Sanders and Fugs co-founder Naphtali Kupferberg were also trying to inspire more popular rock bands than their own to try and get a bit more high-minded rather than turning a blind eye to issues like the Vietnam War or the Civil Rights Movement.
“Revolutions are such that just a few people can roll back progress,” Sanders told the Guardian after a Fugs show at New York’s Players’ Theatre in ‘66. “It can take you 20 years to get an idea pounded into the skill of a nation… I think we’re having a great effect on some groups in terms of forcing their hand, making them become more aware, making their lyrics and messages more complex and poetic.”
Of course, like many of the leading voices in America’s 1960s counterculture, Ed Sanders and his cohorts also enjoyed painting with a satirical brush, which sometimes made it hard to tell if The Fugs were a “serious” band or an attempt to subvert and criticise what they deemed to be a stupid, posturing art form.
“Remember the programme of The Fugs,” Sanders told the audience at that 1966 concert. “We stand for the four P’s: Peace, Prosperity, Pussy, and Perversion! Now here’s another oldie but goldie, it’s a napalm mantra, it’s ‘Kill For Peace’.”

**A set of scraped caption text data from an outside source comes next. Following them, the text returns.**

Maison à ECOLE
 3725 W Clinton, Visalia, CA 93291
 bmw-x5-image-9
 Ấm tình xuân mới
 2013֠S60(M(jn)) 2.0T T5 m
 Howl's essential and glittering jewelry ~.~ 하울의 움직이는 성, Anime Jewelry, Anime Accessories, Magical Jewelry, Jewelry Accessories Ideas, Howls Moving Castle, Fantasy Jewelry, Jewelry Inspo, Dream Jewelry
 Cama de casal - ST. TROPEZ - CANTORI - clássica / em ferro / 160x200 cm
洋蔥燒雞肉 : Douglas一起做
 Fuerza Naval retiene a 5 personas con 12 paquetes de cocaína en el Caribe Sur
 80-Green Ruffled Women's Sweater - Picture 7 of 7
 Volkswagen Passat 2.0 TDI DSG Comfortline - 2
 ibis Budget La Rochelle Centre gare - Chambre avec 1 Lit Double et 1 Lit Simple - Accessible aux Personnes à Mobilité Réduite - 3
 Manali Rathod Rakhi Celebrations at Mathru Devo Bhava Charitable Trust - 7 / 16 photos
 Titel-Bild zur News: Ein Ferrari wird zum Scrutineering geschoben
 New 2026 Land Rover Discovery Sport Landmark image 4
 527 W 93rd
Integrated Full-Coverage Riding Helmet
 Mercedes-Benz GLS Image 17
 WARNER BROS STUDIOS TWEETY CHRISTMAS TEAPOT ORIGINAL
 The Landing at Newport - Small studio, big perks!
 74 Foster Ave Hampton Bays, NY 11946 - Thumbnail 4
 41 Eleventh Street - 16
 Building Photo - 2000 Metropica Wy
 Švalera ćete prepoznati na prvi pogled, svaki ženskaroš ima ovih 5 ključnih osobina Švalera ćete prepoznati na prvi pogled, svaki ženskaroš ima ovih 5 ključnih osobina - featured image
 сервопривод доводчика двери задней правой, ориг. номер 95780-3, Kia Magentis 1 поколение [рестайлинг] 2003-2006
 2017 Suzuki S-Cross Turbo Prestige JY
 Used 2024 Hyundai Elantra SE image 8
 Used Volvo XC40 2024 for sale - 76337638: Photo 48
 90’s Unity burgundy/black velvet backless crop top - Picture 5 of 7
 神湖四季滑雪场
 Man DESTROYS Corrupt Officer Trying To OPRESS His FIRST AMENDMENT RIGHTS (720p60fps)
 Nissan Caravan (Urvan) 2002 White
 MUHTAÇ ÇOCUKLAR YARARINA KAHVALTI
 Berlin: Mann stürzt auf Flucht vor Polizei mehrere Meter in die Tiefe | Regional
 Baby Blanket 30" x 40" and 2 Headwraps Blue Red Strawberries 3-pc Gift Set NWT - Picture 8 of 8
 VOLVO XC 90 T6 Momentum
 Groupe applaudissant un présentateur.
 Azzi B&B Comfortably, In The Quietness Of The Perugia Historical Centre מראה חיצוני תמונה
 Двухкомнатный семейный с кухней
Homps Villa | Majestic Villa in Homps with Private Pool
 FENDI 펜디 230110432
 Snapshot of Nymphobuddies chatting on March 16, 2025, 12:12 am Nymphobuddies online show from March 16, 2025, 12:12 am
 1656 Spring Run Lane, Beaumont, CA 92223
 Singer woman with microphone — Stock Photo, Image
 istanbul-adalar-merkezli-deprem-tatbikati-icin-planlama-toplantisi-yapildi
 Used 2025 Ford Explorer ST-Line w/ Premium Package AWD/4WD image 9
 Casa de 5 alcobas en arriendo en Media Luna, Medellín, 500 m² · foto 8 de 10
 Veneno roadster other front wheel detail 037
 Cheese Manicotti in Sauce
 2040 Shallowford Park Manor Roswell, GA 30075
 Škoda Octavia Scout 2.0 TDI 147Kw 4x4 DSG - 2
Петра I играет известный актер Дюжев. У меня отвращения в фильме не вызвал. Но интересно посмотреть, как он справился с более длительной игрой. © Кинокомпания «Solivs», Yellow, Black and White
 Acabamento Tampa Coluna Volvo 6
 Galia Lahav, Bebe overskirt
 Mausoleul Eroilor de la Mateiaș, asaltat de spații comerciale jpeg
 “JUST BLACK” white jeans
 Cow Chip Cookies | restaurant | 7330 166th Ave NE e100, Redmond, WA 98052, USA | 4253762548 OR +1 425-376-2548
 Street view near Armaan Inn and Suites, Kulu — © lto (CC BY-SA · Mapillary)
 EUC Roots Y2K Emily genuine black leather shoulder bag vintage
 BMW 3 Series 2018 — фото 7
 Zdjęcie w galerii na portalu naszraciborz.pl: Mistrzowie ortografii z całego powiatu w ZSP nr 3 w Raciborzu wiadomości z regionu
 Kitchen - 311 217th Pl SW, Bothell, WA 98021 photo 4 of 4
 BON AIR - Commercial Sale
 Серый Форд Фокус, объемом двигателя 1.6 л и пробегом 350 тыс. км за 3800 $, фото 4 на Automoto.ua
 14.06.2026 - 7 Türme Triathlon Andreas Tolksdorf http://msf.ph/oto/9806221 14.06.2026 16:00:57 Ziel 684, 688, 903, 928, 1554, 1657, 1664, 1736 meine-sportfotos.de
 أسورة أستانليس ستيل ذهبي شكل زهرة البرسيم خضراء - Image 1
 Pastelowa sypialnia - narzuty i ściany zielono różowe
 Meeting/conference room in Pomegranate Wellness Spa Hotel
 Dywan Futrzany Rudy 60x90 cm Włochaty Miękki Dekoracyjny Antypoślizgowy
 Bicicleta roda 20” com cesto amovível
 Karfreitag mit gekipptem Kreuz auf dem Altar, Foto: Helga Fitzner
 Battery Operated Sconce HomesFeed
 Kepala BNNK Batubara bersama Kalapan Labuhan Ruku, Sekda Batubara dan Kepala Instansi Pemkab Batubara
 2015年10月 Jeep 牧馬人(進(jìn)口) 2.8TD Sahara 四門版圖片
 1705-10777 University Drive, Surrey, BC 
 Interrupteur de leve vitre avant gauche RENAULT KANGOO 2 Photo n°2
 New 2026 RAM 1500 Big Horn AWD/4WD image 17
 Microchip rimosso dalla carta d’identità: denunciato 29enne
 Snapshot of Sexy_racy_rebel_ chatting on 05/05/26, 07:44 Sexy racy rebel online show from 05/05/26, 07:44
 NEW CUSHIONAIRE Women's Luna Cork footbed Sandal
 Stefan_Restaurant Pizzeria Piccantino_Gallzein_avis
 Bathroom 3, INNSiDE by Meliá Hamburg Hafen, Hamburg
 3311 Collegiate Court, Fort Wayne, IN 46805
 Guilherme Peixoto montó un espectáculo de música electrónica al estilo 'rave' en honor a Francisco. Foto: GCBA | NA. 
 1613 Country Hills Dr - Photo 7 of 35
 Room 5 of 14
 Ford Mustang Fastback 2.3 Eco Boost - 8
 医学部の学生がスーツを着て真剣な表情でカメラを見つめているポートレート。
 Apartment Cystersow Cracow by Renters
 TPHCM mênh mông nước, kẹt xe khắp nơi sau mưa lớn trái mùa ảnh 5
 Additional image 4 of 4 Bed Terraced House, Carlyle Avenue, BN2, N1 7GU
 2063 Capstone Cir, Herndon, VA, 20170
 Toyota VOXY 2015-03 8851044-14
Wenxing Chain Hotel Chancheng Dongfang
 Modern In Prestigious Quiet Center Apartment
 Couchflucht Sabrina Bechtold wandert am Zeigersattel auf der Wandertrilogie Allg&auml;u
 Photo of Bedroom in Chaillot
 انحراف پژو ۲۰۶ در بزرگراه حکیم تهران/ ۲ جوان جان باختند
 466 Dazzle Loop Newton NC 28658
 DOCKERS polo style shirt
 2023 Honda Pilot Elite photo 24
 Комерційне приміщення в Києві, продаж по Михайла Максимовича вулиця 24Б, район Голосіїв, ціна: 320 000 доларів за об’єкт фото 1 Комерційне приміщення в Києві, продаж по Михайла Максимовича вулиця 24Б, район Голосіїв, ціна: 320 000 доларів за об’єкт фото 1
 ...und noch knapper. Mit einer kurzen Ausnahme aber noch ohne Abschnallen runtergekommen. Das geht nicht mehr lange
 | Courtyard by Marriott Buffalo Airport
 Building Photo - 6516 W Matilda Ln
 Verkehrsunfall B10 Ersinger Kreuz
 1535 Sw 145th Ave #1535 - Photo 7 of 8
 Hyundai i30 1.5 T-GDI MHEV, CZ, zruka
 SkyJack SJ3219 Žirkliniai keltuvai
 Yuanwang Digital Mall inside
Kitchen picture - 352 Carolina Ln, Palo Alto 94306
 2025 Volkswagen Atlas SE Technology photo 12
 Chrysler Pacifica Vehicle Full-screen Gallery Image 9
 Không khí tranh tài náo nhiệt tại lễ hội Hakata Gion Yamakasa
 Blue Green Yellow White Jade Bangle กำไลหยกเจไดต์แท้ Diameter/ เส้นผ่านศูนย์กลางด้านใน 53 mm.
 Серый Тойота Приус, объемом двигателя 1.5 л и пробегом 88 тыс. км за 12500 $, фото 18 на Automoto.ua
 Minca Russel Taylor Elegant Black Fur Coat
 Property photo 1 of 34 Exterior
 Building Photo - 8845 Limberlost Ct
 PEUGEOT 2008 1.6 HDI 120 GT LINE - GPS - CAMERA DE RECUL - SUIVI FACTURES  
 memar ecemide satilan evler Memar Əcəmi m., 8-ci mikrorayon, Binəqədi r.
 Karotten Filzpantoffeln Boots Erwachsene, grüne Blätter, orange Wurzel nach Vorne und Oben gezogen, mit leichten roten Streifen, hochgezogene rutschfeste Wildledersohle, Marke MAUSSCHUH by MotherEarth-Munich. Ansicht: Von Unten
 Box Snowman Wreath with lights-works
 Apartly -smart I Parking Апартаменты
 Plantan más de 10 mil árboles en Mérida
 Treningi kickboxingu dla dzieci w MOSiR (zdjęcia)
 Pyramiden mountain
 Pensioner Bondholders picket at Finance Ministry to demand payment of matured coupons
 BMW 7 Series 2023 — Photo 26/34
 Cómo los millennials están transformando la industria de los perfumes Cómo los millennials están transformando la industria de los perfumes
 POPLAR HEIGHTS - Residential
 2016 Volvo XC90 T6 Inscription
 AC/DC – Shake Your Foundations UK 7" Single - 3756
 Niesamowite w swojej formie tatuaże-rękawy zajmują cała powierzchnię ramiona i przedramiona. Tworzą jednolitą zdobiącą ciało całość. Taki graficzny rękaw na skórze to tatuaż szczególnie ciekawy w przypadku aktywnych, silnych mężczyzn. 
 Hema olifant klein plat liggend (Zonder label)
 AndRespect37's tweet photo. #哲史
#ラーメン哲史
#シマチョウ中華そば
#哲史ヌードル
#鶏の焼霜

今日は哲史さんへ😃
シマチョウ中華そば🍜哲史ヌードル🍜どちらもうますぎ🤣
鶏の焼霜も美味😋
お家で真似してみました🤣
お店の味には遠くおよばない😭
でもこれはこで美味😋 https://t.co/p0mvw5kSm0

The Fugs were often correctly described as poets and performance artists rather than musicians, and they generated more headlines for stunts and protests, such as their 1967 attempt to “exorcise” the Pentagon in Washington, DC, than for the quality of their records.
“We had absolutely no sense or belief that there would be any interest in this stuff 30 years later,” Sanders said upon the anniversary re-releases of the first two Fugs albums in the mid-1990s. “On one level, we just did all this for a joke. We decided to have some fun and party, and write some songs. We were poets, and we certainly knew how to write words, but none of us went to Juilliard, and when we made the first record, we didn’t even know how to face microphones.”
In a similar way to other boundary-pushing acts of their era, from the Mothers of Invention to the MC5, it was actually The Fugs’ central, obsessive focus on the here-and-now, rather than any concerns about stuff like legacy, that wound up making them historically relevant and more than a ‘60s footnote.
Their unusual psych-folk-art-punk project also brought together different wings of the counterculture, writers, artists, activists, and musicians in a way few bands had before. Radio hits and big album sales weren’t forthcoming, but The Fugs certainly outlasted and transcended the original “joke”.